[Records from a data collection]

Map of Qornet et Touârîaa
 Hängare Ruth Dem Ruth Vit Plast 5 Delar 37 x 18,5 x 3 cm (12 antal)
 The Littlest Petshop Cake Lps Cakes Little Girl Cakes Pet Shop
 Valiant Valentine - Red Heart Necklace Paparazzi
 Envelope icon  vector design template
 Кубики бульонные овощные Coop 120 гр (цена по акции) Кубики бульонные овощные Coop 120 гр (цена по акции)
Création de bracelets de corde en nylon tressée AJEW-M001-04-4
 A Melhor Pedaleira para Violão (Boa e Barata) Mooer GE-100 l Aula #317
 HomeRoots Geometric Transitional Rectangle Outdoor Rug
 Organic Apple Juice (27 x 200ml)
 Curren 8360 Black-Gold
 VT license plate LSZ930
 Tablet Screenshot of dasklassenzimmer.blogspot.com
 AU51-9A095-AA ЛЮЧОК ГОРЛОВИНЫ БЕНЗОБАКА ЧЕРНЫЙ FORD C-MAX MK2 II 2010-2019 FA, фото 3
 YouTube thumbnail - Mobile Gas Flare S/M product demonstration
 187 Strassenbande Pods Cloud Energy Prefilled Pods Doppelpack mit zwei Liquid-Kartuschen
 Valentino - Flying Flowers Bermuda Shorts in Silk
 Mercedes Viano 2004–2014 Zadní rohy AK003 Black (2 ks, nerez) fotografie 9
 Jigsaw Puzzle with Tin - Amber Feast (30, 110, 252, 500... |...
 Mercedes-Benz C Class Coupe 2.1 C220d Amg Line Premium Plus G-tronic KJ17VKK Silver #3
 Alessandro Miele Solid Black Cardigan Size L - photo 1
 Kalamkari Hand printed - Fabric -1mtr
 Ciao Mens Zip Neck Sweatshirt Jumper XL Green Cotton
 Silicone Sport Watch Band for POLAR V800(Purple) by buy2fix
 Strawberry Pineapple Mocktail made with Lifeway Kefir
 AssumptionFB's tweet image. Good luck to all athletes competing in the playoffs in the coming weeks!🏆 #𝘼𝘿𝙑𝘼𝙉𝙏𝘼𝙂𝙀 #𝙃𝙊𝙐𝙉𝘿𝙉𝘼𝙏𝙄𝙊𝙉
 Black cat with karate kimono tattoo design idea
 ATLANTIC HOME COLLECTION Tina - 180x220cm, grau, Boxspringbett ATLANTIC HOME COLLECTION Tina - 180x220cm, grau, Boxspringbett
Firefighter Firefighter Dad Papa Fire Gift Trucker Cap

● **WHAT THE TASK ASKS**
Beginning at the line with "Alessandro Miele Solid" and ending at the last line of the entries, print every line exactly.

● **SOLUTION**
 Alessandro Miele Solid Black Cardigan Size L - photo 1
 Kalamkari Hand printed - Fabric -1mtr
 Ciao Mens Zip Neck Sweatshirt Jumper XL Green Cotton
 Silicone Sport Watch Band for POLAR V800(Purple) by buy2fix
 Strawberry Pineapple Mocktail made with Lifeway Kefir
 AssumptionFB's tweet image. Good luck to all athletes competing in the playoffs in the coming weeks!🏆 #𝘼𝘿𝙑𝘼𝙉𝙏𝘼𝙂𝙀 #𝙃𝙊𝙐𝙉𝘿𝙉𝘼𝙏𝙄𝙊𝙉
 Black cat with karate kimono tattoo design idea
 ATLANTIC HOME COLLECTION Tina - 180x220cm, grau, Boxspringbett ATLANTIC HOME COLLECTION Tina - 180x220cm, grau, Boxspringbett
Firefighter Firefighter Dad Papa Fire Gift Trucker Cap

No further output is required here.